TEMPO.CO, Kediri - Dinas Perhubungan Kota Kediri, Jawa Timur menyiapkan jalur alternatif dari Surabaya - Nganjuk menuju Blitar, Tulungagung, dan Trenggalek. Hal ini untuk memecah kepadatan lalu-lintas yang diprediksi terjadi mulai H-3 Lebaran.

Kepala Seksi Ketertiban Dinas Perhubungan Kota Kediri Bambang Trilasmono mengatakan
penyiapan jalur alternatif ini untuk menekan kemacetan di wilayah Kediri yang menjadi jalur utama antarkota. Wilayah ini merupakan simpang pertemuan antara arus lalu lintas dari Surabaya - Nganjuk menuju Blitar, Tulungagung, dan Trenggalek. "Kami siapkan jalur-jalur pemecah," kata Bambang, Selasa 30 Juli 2013.

Jalur tersebut berbeda sama sekali dengan rute yang biasa ditempuh kendaraan umum seperti bus dan truk. Jalur menuju Tulungagung misalnya, yang semula hanya melalui alun-alun Kota Kediri ke selatan, kini bisa ditempuh melalui Jalan Kapten Tendean yang merupakan jalur utama menuju Blitar. Namun tiba di perempatan Bence yang berjarak sekitar 20 kilometer dari Kota Kediri, kendaraan dialihkan ke barat menuju jalur utama Tulungagung. Sebab biasanya penumpukan arus kendaraan terjadi di jalur utama ini.

Meski cukup memutar, namun Bambang memastikan seluruh badan jalan dalam keadaan baik. Bahkan di jalur alternatif yang sepi itu terdapat sedikitnya tiga Stasiun Pengisian Bahan Bakar Umum. Sehingga dipastikan pemudik tak khawatir kehabisan premium atau solar.

Untuk memudahkan pencarian jalur ini, petugas memasang 11 rambu awal jalan di tiap-tiap jalur alternatif. Sehingga para pemudik akan dengan mudah menemukan jalur alternatif tersebut tanpa kesasar ke dalam kota. Penambahan dua rambu juga dilakukan di titik rawan kecelakaan di lintasan menuju Tulungagung dan Blitar.

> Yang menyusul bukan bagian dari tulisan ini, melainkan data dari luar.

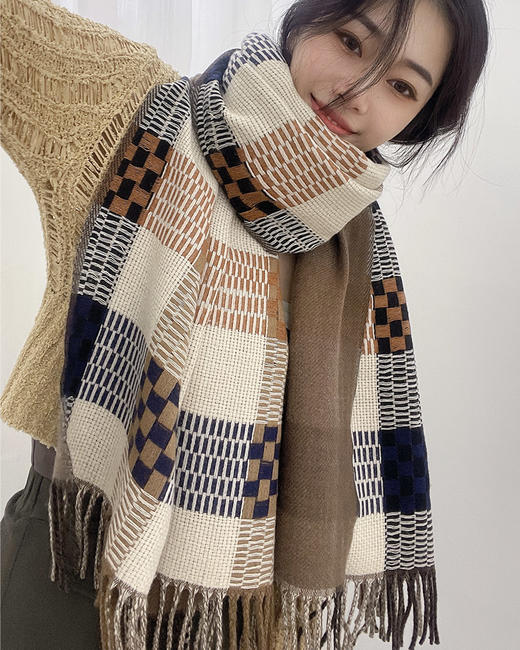 美拉德围巾女2023新款秋冬季韩版百搭格子披肩两用保暖高级感围脖PS20832 商品图3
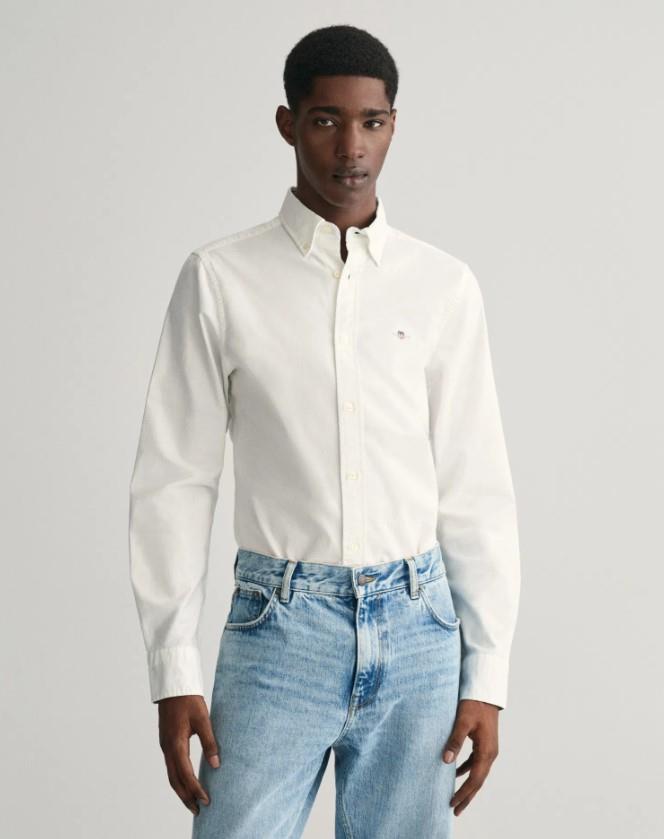 GANT Erkek Beyaz Slim Fit Düğmeli Yaka Gömlek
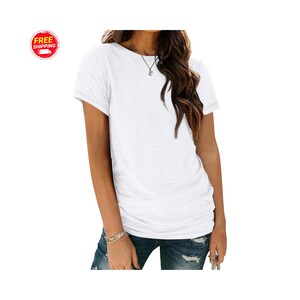 Women’s Soft Crew Neck T shirt Casual Summer Top Stretch Basic Everyday Tee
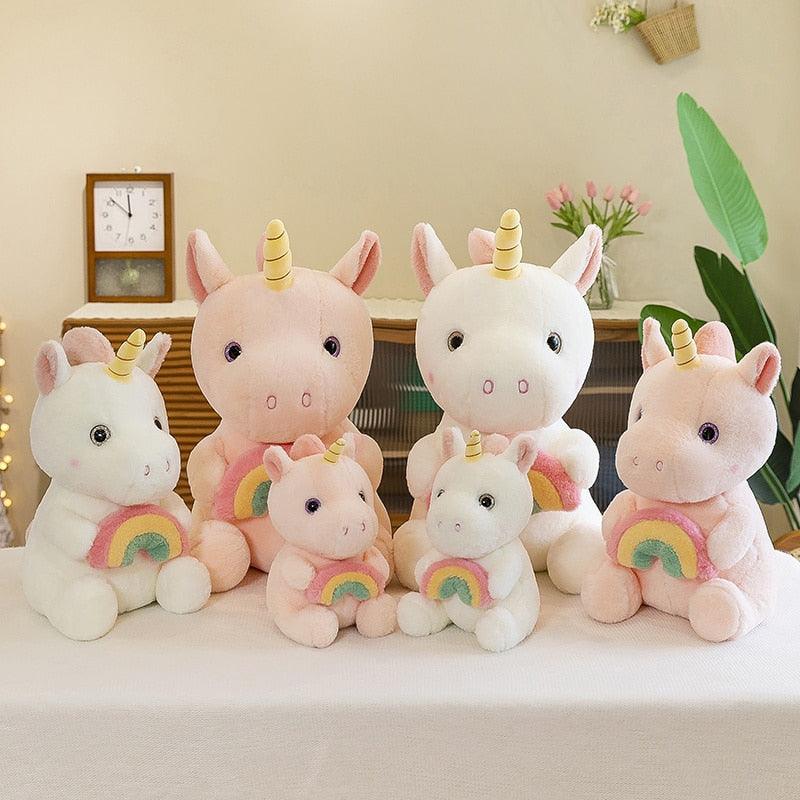 Adorable Unicorn Plushie Holding a Rainbow 15" Pink Stuffed Animals - Plushie Depot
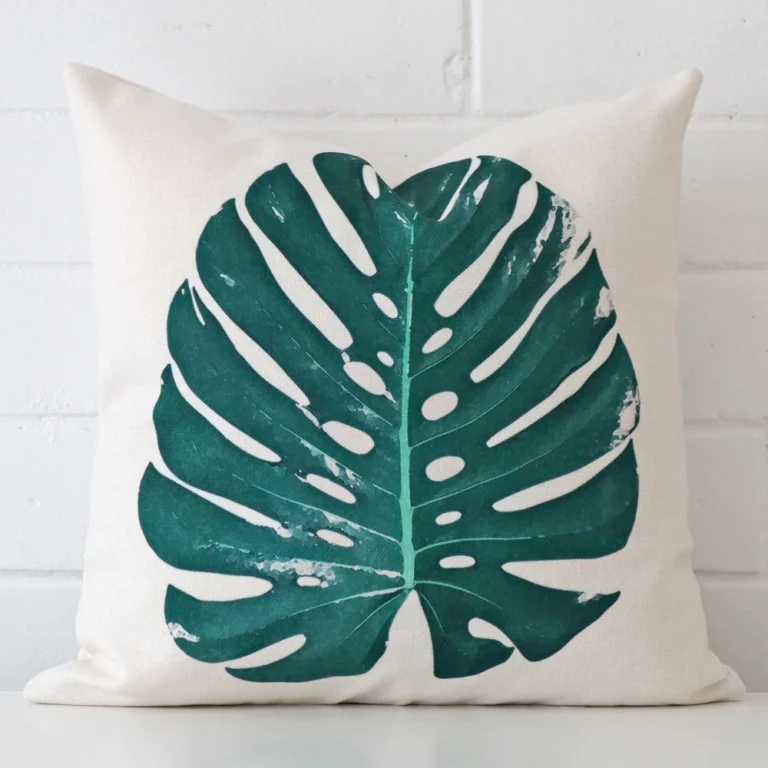 A graceful square cushion with a design on durable linen fabric.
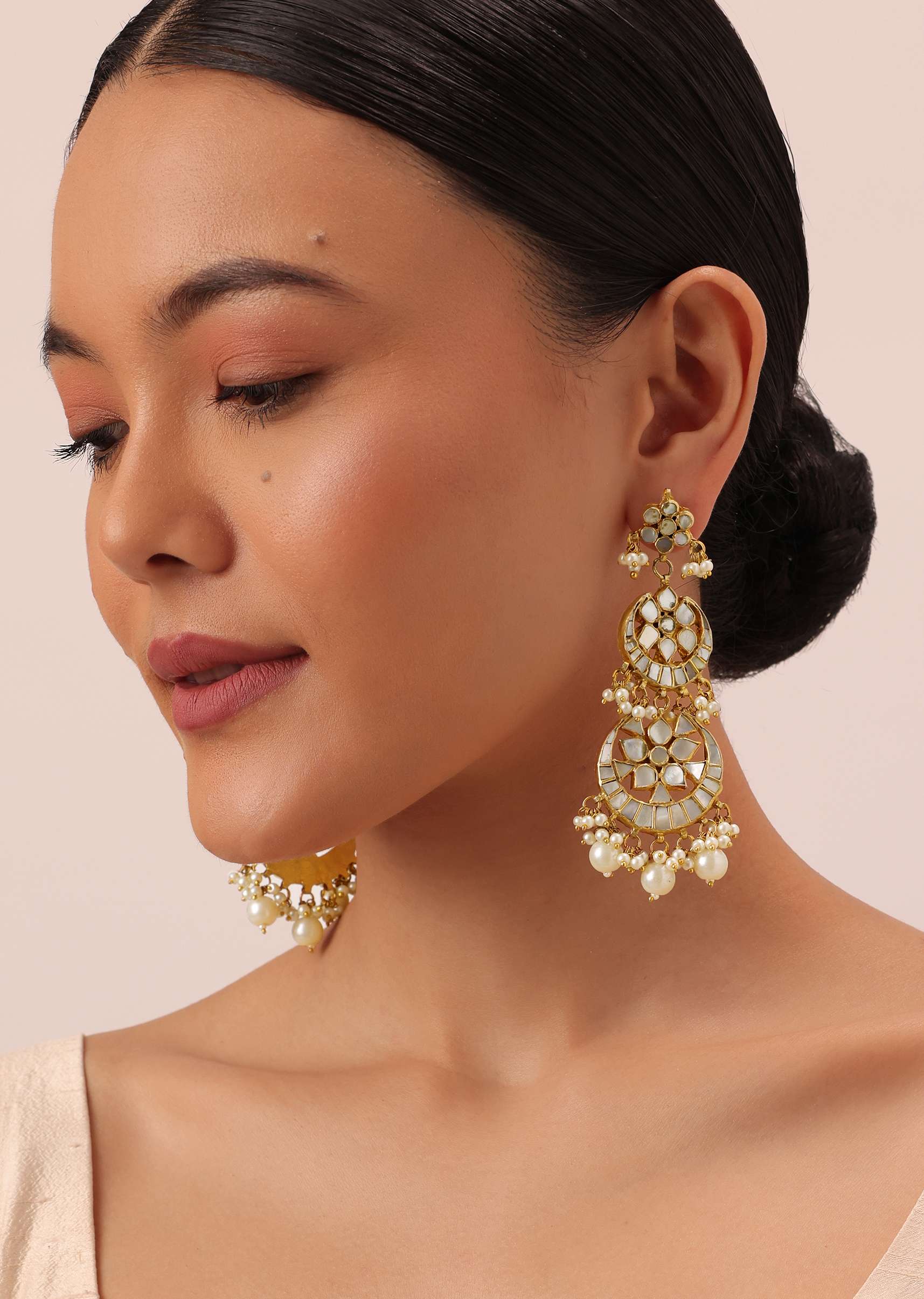 12299-gold-finish-kundan-polki-bridal-choker-set-with-pearls-3.jpg Gold Finish Kundan Polki Bridal Choker Set With Pearls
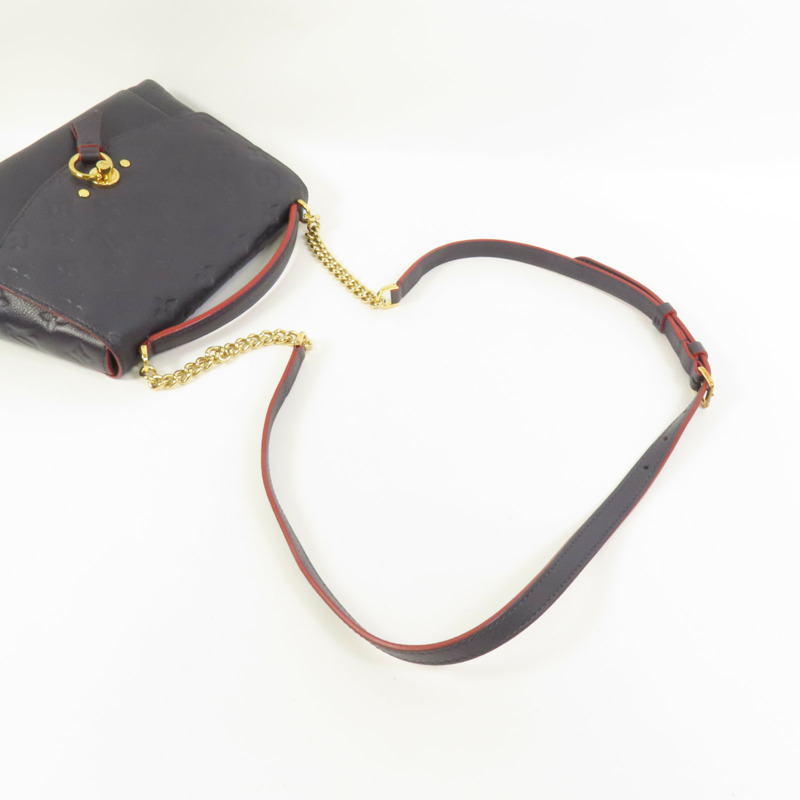 LOUIS VUITTON Monogram Empreinte Blanche BB金扣鏈帶手挽肩背兩用袋-5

Sementara itu pada hari yang sama Kepala Kepolisian Resor Kediri Kota Ajun Komisaris Besar Ratno Kuncoro juga melakukan pemeriksaan perlintasan kereta api tak berpintu. Hal ini cukup berbahaya mengingat perlintasan itu berada di jalur padat kendaraan. "Ada empat perlintasan tak berpintu yang berbahaya," kata Ratno.

Selama ini perlintasan tersebut hanya dijaga secara swadaya oleh masyarakat. Mereka hanya mengandalkan upah dari pemberian pengguna jalan dan tak di digaji oleh PT Kereta Api Indonesia.

Polres meminta PT KAI membantu mereka dengan memasang alat pengaman berupa sirine yang menggunakan solar cell. Sebab kereta api terakhir yang melintas di jalur ini hingga pukul 21.00 WIB.